I totally stole the title from a paper (Attenberg & Provost, 2011).

In theory, Active Learning (AL) is a tremendous idea. You need labeled data, but your kind of labeling comes at a cost, e.g., you need to obtain them from a domain expert. Now, lets say, your goal is to use this labeled data to train a classifier that gets to a held-out accuracy of \(90\%\). If you randomly sampled points to label, you might require \(1000\) points. Active Learning lets you strategically pick just \(500\) points for labeling, to reach the same accuracy. Half the labeling cost for the same outcome. This is great!
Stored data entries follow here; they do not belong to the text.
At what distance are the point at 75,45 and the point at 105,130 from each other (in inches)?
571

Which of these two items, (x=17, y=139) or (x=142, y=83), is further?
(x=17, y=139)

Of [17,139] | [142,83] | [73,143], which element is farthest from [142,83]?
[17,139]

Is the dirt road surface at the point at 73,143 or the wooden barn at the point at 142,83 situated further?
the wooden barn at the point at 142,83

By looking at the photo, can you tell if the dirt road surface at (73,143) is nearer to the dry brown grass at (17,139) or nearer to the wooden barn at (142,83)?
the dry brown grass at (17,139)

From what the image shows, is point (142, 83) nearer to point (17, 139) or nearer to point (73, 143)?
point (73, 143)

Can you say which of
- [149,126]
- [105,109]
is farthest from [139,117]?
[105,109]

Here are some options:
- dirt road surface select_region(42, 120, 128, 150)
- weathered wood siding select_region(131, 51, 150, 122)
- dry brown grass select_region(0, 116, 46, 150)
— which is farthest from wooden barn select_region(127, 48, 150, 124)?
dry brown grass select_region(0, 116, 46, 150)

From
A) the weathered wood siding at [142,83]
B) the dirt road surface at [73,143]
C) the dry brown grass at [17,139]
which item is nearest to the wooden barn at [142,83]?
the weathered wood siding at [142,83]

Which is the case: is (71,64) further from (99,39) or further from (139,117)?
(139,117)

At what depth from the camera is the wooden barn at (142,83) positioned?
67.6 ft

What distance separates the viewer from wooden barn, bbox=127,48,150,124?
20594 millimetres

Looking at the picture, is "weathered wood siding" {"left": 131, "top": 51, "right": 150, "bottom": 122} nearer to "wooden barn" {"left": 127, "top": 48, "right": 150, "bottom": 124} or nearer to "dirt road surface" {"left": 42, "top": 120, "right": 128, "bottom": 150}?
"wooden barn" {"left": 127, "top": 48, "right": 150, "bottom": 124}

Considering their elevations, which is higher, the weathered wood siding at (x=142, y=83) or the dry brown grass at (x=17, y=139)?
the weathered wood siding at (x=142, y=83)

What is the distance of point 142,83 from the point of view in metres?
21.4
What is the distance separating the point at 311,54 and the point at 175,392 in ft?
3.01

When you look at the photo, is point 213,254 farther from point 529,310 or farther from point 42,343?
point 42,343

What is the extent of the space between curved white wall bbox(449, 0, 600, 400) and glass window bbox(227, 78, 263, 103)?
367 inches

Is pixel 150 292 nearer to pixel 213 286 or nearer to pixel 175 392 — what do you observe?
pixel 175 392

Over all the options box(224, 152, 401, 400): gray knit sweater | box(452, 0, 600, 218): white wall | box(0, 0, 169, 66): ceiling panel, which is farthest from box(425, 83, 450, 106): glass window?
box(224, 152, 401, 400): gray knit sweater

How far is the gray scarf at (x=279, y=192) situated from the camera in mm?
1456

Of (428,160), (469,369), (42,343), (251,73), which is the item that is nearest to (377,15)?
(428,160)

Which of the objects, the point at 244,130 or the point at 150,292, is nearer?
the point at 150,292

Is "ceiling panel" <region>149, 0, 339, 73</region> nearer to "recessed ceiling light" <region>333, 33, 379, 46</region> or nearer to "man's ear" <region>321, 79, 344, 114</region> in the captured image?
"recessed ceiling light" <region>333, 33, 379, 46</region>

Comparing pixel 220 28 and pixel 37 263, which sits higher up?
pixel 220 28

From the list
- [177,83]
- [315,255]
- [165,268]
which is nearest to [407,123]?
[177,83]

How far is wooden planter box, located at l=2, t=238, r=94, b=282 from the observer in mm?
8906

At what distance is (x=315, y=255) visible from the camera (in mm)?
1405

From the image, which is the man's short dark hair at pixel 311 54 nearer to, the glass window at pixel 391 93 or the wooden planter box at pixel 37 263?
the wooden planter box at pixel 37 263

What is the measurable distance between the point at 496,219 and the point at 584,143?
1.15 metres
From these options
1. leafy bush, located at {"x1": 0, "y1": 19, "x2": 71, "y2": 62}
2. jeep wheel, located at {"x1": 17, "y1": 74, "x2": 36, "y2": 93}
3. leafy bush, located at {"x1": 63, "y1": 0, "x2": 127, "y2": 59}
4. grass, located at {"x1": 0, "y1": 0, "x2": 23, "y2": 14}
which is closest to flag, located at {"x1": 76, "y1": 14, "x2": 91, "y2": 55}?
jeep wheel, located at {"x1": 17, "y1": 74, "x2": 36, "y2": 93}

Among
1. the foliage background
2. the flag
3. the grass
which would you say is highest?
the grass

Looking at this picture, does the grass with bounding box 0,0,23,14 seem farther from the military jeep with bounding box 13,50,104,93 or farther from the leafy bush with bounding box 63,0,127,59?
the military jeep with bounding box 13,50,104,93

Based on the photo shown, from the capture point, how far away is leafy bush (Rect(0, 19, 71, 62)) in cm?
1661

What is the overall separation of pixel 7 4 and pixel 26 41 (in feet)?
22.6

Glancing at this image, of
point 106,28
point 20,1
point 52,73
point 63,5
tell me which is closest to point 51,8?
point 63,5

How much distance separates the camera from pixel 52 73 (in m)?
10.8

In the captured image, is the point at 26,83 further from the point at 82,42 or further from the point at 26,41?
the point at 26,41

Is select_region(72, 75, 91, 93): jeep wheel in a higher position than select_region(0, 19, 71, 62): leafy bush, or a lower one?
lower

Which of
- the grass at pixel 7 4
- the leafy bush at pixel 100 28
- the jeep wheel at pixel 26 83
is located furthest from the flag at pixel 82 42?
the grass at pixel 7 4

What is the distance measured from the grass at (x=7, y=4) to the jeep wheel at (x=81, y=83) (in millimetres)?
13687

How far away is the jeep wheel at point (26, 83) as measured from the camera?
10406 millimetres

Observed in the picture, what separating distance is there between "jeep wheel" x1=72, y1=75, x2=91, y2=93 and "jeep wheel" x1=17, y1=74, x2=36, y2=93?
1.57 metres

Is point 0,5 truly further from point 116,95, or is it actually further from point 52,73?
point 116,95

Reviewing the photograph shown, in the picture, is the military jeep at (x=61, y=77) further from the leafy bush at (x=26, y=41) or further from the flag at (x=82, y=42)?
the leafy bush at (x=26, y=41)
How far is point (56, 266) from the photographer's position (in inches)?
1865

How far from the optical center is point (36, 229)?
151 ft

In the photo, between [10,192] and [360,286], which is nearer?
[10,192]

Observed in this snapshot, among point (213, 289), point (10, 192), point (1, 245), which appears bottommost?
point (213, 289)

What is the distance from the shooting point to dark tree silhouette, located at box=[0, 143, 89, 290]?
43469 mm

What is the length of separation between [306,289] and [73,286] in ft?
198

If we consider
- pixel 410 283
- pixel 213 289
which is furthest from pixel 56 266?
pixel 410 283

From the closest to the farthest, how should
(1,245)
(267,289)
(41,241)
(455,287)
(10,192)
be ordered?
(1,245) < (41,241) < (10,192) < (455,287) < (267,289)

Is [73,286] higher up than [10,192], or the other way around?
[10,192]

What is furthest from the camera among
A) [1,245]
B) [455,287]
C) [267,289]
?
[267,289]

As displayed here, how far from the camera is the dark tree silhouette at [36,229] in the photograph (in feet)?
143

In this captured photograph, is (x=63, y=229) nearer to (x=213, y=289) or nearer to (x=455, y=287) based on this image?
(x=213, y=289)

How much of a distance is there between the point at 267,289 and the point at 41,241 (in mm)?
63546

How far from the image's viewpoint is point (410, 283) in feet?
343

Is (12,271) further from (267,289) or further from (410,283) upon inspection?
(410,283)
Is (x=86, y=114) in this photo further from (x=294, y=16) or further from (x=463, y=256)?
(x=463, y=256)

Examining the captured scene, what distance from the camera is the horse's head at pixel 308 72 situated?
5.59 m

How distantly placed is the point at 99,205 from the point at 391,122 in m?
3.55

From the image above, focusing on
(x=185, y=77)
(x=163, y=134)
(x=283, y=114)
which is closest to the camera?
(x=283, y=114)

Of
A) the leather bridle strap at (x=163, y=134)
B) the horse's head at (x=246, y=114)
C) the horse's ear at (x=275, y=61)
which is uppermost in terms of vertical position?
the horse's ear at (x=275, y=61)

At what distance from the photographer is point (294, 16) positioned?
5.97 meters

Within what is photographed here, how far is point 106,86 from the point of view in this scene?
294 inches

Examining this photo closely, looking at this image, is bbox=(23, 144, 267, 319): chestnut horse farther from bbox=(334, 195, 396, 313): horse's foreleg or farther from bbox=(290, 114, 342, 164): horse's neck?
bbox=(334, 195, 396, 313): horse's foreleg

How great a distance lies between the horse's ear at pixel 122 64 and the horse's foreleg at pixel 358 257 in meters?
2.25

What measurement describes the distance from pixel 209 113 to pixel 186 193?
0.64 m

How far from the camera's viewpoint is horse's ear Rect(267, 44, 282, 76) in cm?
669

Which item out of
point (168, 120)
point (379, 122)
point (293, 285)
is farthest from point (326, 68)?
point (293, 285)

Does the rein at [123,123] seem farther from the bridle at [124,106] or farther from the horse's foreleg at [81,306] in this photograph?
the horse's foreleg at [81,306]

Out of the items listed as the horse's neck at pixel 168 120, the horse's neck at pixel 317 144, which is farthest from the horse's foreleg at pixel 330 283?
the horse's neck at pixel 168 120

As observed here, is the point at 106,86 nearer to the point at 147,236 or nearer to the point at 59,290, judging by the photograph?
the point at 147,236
Except that in a lot of real-world cases this is not how it plays out. I suspected this from my personal experiments, and then in some stuff we did at [24]7.ai. So we decided to thoroughly test out multiple scenarios in text classification, where you believe (or current literature leads us to believe) Active Learning should work … but it just doesn’t. We summarized our observations into the paper “On the Fragility of Active Learners for Text Classification” (Ghose & Nguyen, 2024) [PDF], and that is what I’d refer to you for details. This post is part overview and part thoughts not in the paper. Here’s the layout:

What do we expect to see?

OK, just for an idea, what would be an example of an AL technique? Let’s look at one of the earliest ones: Uncertainty Sampling (Lewis & Gale, 1994). Here you pick points to be labeled in batches. You kick-off with a random batch (also known as the “seed” set), label them and train a classifier. Next, you use this classifier to predict labels of the unlabeled points. You note the confidence of each prediction, and pick the points for which the confidences were the lowest, or equivalently, the uncertainty was the greatest. This is the batch you now label. Rinse and repeat. We’ll often refer to an AL technique by its other moniker, a Query Strategy (QS), which comes from the fact that it is used to query points for labeling.
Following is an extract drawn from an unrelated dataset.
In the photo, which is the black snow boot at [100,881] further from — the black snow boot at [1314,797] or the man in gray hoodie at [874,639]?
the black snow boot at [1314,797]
The idea is that by supplying to the classifier the points it is most wrong about, you force it to improve faster. This view has problems, and we’ll get to it in a while. But if it worked - if any AL technique worked - here’s what we would expect to see:

test

All AL curves, in an ideal world.

The F1-scores on the y-axis are reported over a held-out set, i.e., a test set with labels. This is not available in a real-world setting; because if you had labels for a significantly large test dataset, in a world where labeling is expensive you will use it (or part of it) for training, thus negating the need for using AL. The batch size in the plot’s setup is \(100\).
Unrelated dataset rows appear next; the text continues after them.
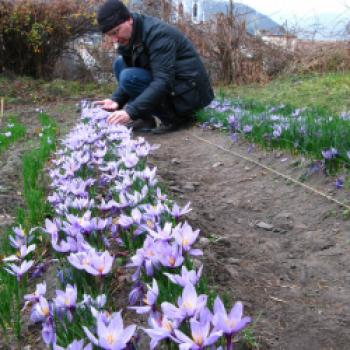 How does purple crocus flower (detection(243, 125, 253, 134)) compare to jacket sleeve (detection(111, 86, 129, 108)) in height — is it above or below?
below

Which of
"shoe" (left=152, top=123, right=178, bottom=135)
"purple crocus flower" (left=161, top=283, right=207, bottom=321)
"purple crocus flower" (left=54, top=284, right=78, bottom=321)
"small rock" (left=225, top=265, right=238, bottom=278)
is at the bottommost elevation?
"shoe" (left=152, top=123, right=178, bottom=135)

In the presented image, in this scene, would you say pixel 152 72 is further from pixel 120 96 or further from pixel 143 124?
pixel 143 124

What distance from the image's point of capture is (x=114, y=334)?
0.94 metres

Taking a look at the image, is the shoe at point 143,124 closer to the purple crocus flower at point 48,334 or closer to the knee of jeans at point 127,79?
the knee of jeans at point 127,79

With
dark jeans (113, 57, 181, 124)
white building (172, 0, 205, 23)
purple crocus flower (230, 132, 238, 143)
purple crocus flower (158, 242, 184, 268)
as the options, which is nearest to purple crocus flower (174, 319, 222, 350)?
purple crocus flower (158, 242, 184, 268)

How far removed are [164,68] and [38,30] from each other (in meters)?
7.07

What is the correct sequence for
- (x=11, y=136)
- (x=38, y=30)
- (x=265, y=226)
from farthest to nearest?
(x=38, y=30)
(x=11, y=136)
(x=265, y=226)

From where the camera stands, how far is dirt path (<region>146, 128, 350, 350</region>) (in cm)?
158

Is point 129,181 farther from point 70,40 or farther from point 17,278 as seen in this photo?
point 70,40

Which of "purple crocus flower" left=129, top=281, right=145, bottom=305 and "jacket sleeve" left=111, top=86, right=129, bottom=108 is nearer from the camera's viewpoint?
"purple crocus flower" left=129, top=281, right=145, bottom=305

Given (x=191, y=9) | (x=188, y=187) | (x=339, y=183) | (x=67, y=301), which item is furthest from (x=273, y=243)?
(x=191, y=9)

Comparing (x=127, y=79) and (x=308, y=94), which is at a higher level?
(x=127, y=79)

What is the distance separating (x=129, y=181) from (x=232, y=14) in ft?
30.8

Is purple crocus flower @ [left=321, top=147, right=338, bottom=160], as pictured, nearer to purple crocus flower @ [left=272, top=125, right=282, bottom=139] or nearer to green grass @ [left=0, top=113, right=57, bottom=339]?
purple crocus flower @ [left=272, top=125, right=282, bottom=139] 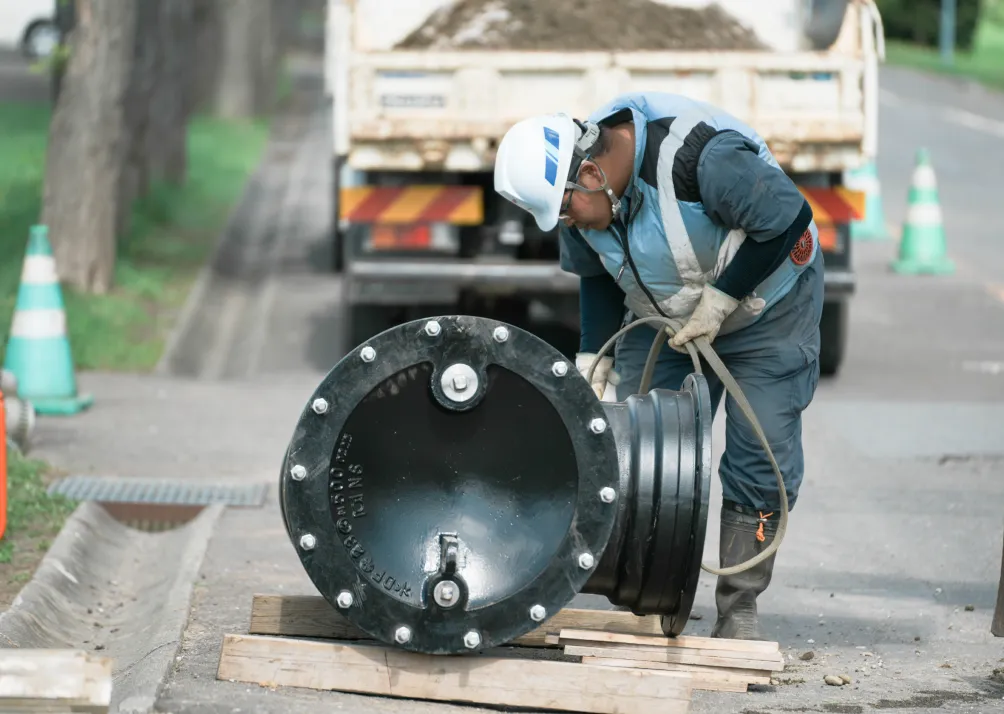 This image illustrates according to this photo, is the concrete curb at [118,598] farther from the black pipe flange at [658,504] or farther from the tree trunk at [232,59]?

We can make the plot a little concise by just plotting the relative percentage improvement of the AL technique, i.e., \(100 \times (F1_{AL} - F1_{random})/F1_{random}\). This is shown below:

test

AL performance as %age improvement over random.

Note that as labeled data increases both curves converge to the same accuracy (or similar accuracies in practice). This is bound to happen since beyond a critical mass of points (collected via AL or randomly) the classifier has seen all patterns in the data, and will be able to generalize well.

What do we see?

A learning setup can vary wrt multiple things: the dataset, the classifier family (something traditional like Random Forests vs a recent one like RoBERTa) and the text representation (so many embeddings to pick from, e.g., MPNet, USE). You’re thrown into such a setup, and you have no labeled data, but you have read about this cool new AL technique - would you expect it to work?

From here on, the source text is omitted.